Just as things begin to hit a worryingly predictable stride however - his wife having left him, Dodge (Steve Carrell) sets about using what little time is left to try to finally make something of his life and reunite with his high-school sweetheart. He embarks on a pre-apocalyptic road trip with neighbour Penny (Keira Knightley) and proceedings take somewhat of a tonal u-turn and almost abandon the impudent laughs altogether in favour of some rather more left-field melancholy. The jokes all but dry up, the mood darkens considerably and both Carrell and Knightley are left to do some actual work. It’s a shift that is jarring, ham-fisted, but not entirely unwelcome once the initial disorientation wears off. Just as Scafaria seems to settle into a comfortable - if unremarkable - comic stride, we’re suddenly and without much warning left in eccentrically poignant indie territory that you’d imagine would be awkwardly at odds with Carrell’s usual down-on-his-luck fare. Happily though, it’s this blacker material that just so happens to underscore the effectiveness of Dodge and Penny as an onscreen couple.
Or maybe not...
Although admittedly not the most natural pairing in the world, both Carrell and Knightley excel in showing off a strong refinement in quietly downbeat comedy and as such almost completely convincible as impromptu end-of-the-world-companions without ever stretching the tolerance for quirky romanticism to complete incredulity. It’s Knightley who proves the most surprising though, managing to convey a genuinely idiosyncratic disposition and otherwise untested funny bone whilst also having been unarguably cut from the same cloth as the psychologically fractured, emotionally defensive, generally exasperating and ultimately vulnerable indie girls that have come before (see Kate Winslet in Eternal Sunshine of the Spotless Mind, Natalie Portman in Garden State or Zooey Deschanel in 500 Days of Summer, to name but a few).

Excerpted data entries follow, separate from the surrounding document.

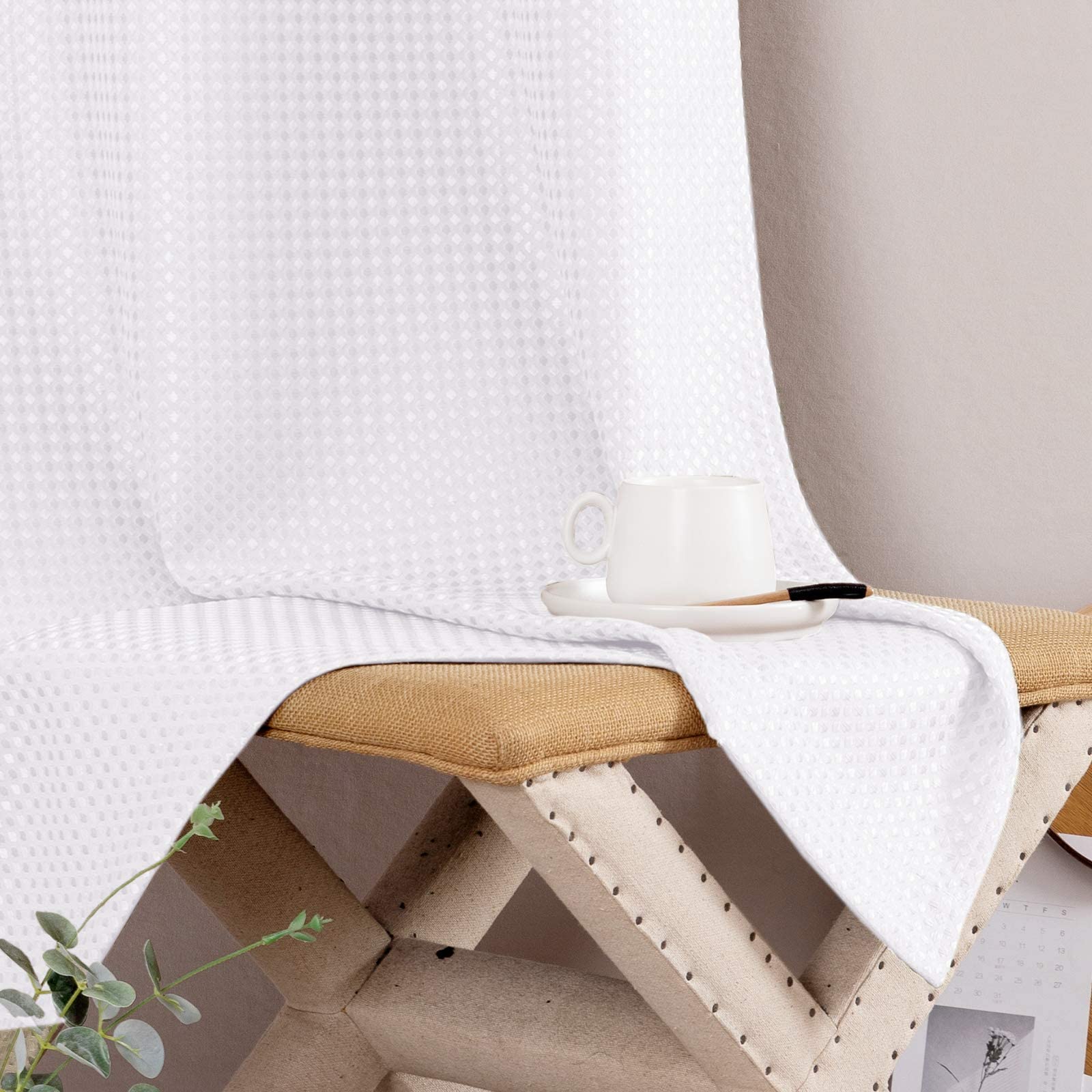 Vangao 90 Inch White Waffle Weave Curtains - Plaid Textured Grommet Top Window Drapes for Living Room & Bedroom | Blackout Privacy Sheers for Home Decor & Cozy Atmosphere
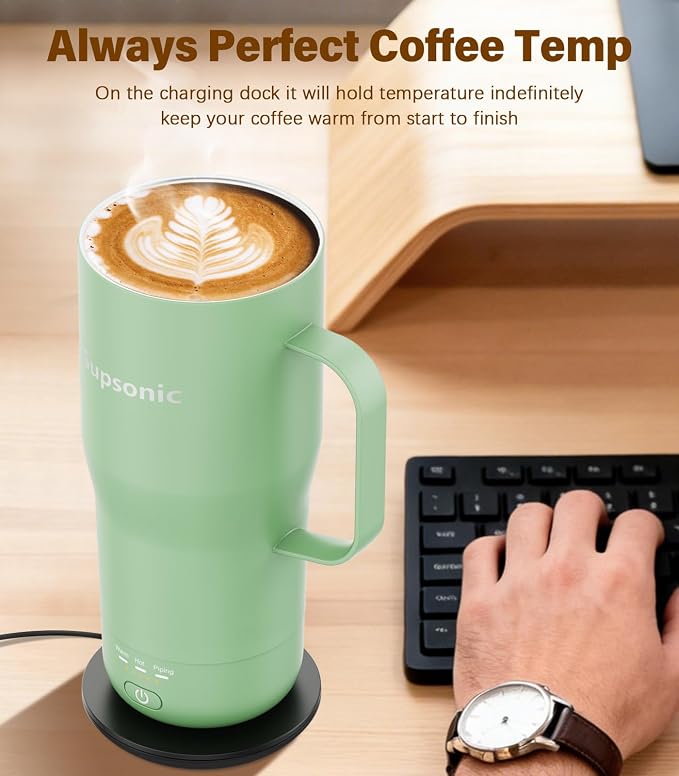 Supsonic Heated Coffee Mug Rechargeable, 20oz Long-Lasting Battery (S3) | Dry-burn protection, 2Hr auto-off, 3-Temp settings, Constant temperature, Inner stainless steel, Warm gift for men women - Image 3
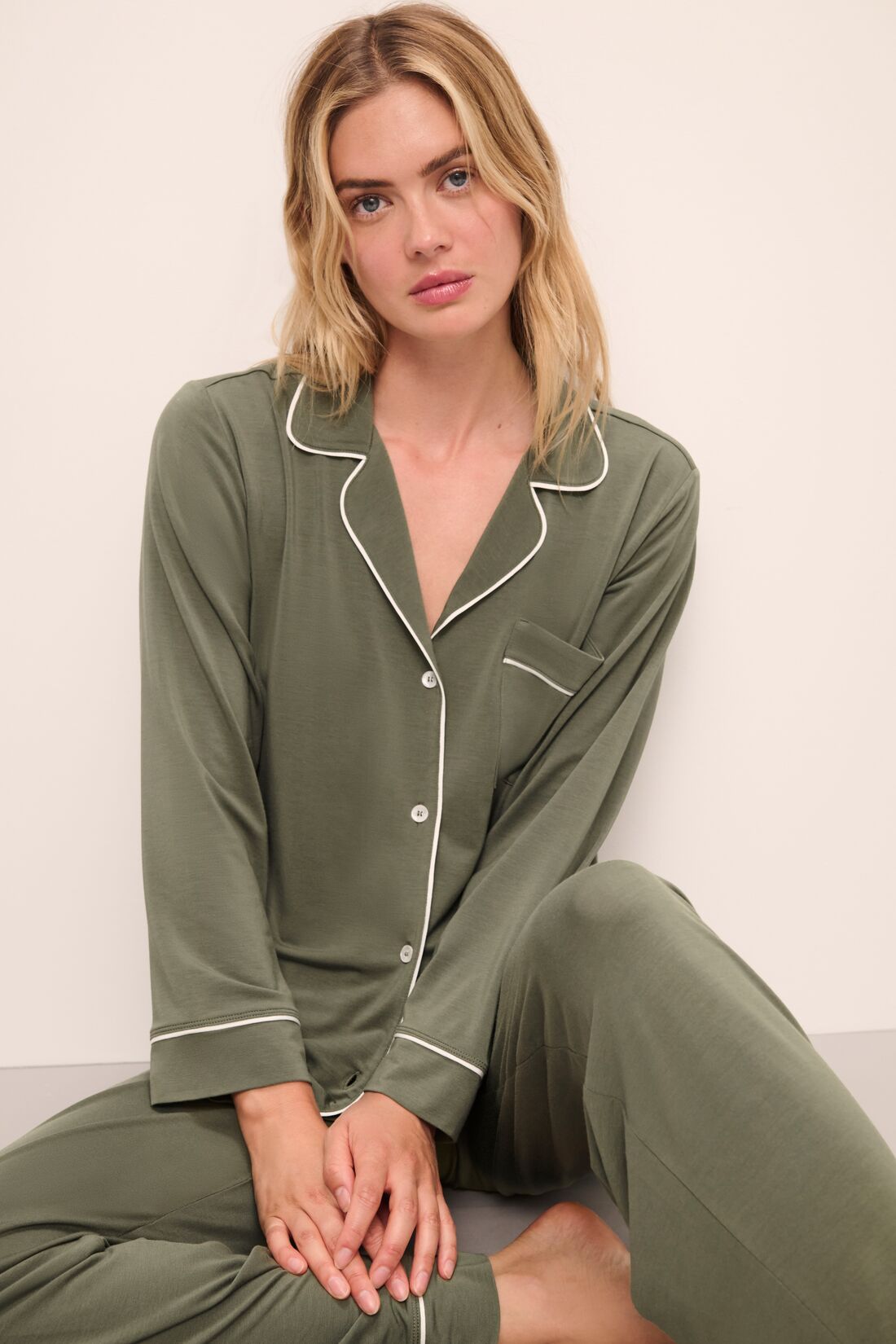 Model wears Gisele TENCEL™ Modal Long PJ Set in moss/ivory.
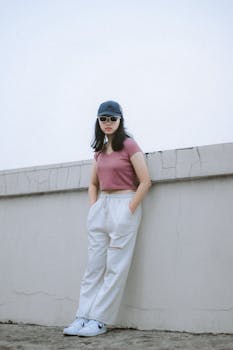 A fashionable woman in casual clothes and sunglasses poses against an outdoor wall.
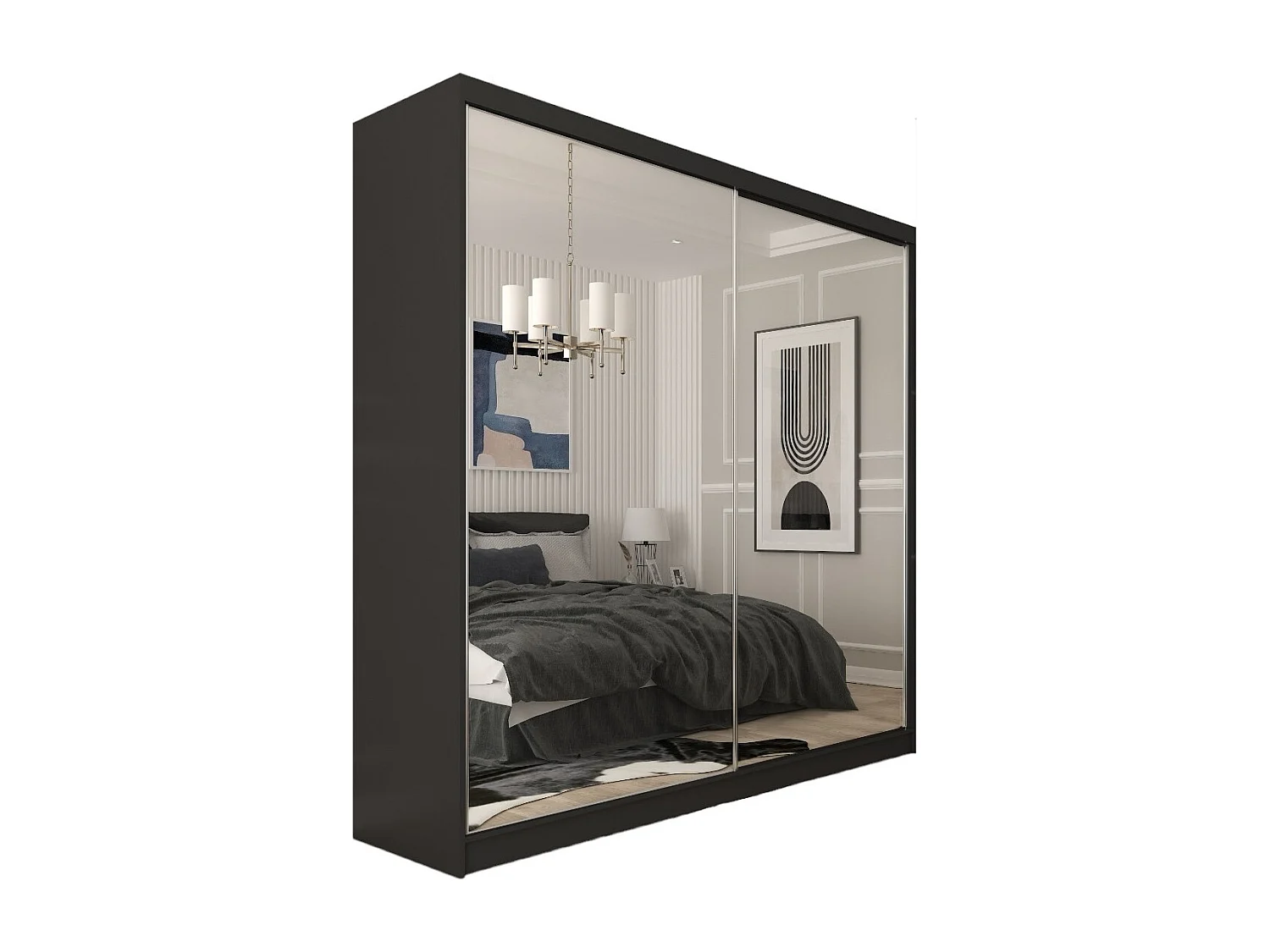 200 cm Kleiderschrank Darix mit Spiegel inklusive 2 Schiebetüren Schwebetürenschrank (Farbe: schwarz)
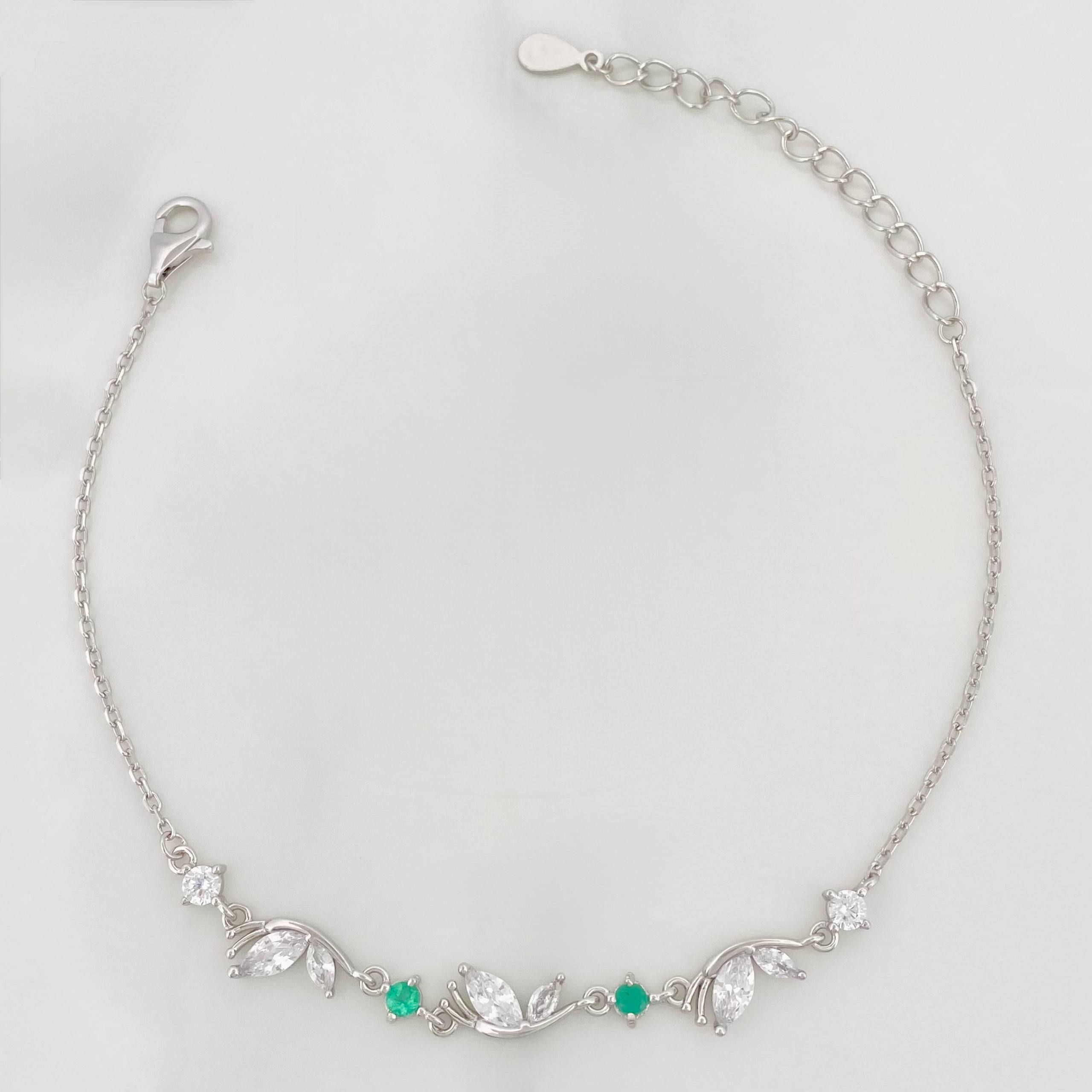 Pulso Mariposa Esmeralda 2.8 g / 8 3/4 in / 1 mm Plata Rodinada 925
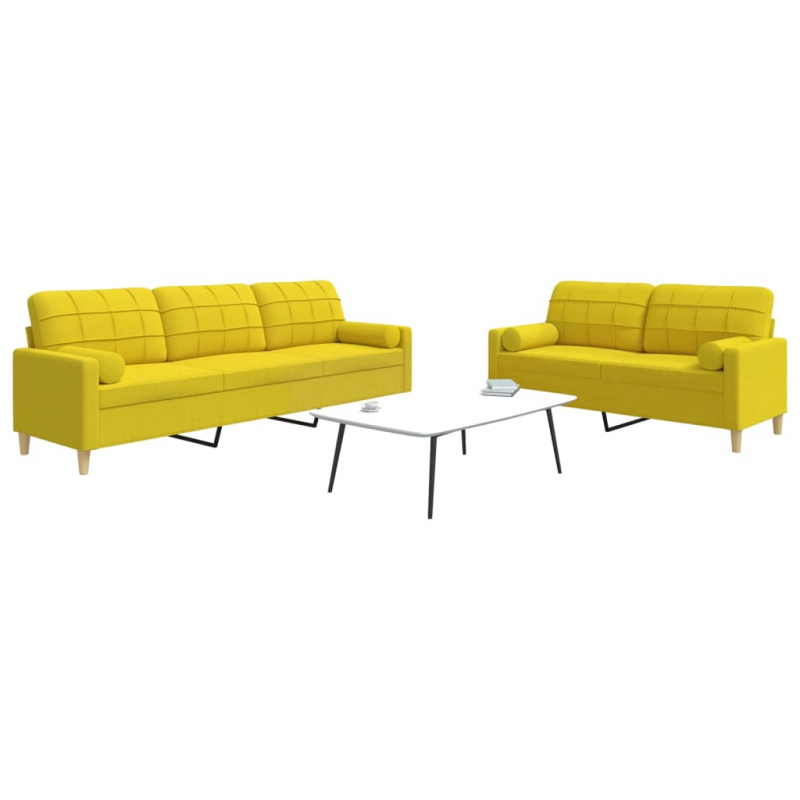 2-tlg. Sofagarnitur mit Dekokissen Hellgelb Stoff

For a film with such a bleak premise at its core, Seeking a Friend for the End of the World is, as you somehow knew it would be, actually an uplifting cautionary tale to those who don’t take life by the cajones and get out there and LIVE, damn it. Thankfully the light-to-medium doses of laughs from the films midpoint onwards do help diffuse moments that could have otherwise come across as cheerless and patronising. Scoring highly as well is Dodge’s strained and mostly unspoken relationship with his dad (Martin Sheen), showing that Scafaria is more than capable of wringing stinging emotion out of turbulent family ties even in the face of total annihilation. At its best this is a brave, funny and quietly affecting drama about regret, love, life and the end of days. It’s nowhere near consistent enough to rank among the top of its class, but if you’re in need of a reserved antithesis to all the superhero noise going on this summer then this might well be the apocalypse you’re looking for.